Interview

"Die Hälfte des Geschäfts soll via Internet laufen"

14.05.1999
Mit Mort Topfer von Dell Computer Corp., Round Rock in Texas, sprach CW-Redakteur Martin Bayer

CW: Dell setzt mehr und mehr auf das Internet, um Rechner zu verkaufen. Wie sehen Sie die weitere Entwicklung dieses Vertriebsweges?

TOPFER: Bislang machen wir 25 Prozent unseres Umsatzes über das Internet. Wir gehen davon aus, daß wir diesen Anteil innerhalb der nächsten zwei bis drei Jahre auf 50 Prozent steigern werden. Gerade hier in Europa, wo das Medium noch nicht so akzeptiert ist wie in den Vereinigten Staaten, sehen wir ein großes Wachstumspotential.

CW: Bedeutet das Internet das Ende der herkömmlichen Verkaufswege?

TOPFER: Das glaube ich nicht. Viele Leute legen nach wie vor großen Wert darauf, mit einem erfahrenen Verkäufer zu sprechen, der spezielle Fragen beantworten kann. Ich denke, das Internet stellt in erster Linie ein Rationalisierungsmittel dar, durch das eine Menge lästiger Telefonanrufe überflüssig werden.

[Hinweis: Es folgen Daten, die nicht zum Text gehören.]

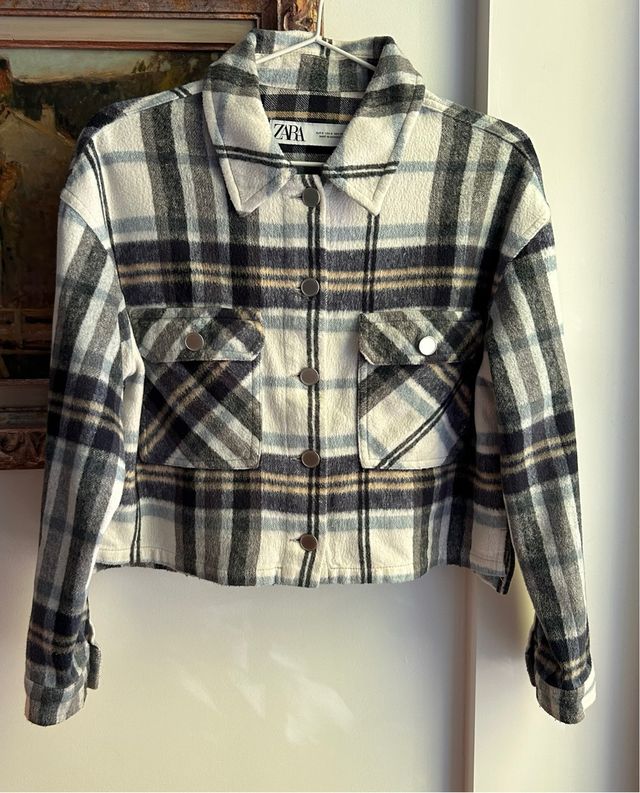 Zara, Chaqueta o sobre camisa de cuadros, talla S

CW: Andere Unternehmen wie Compaq oder IBM drängen ebenfalls ins Internet-Geschäft. Sehen Sie hier eine ernstzunehmende Konkurrenz heranwachsen?

TOPFER: Ich denke, wir haben gezeigt, wie man das Internet nutzt, während unsere Konkurrenten bislang nur darüber gesprochen haben. Letztendlich werden jedoch alle diesen Weg gehen.

CW: Wie sehen Sie den PC-Markt? Dell kann eindrucksvolle Wachstumszahlen vorweisen. Wird das die nächsten Jahre anhalten?

TOPFER: Ich gehe von etwa 15 Prozent jährlichem Wachstum aus. In vielen Ländern ist die Anzahl der installierten Computer längst nicht so hoch wie in den USA, so daß hier noch ein großer Bedarf herrscht. (Anm. d. Red.: 50 Prozent aller US-amerikanischen Haushalte besitzen einen PC.)

CW: Analysten gehen jedoch davon aus, daß in einigen Jahren ein Sättigungsgrad bei den PCs ereicht sein wird. Was passiert dann?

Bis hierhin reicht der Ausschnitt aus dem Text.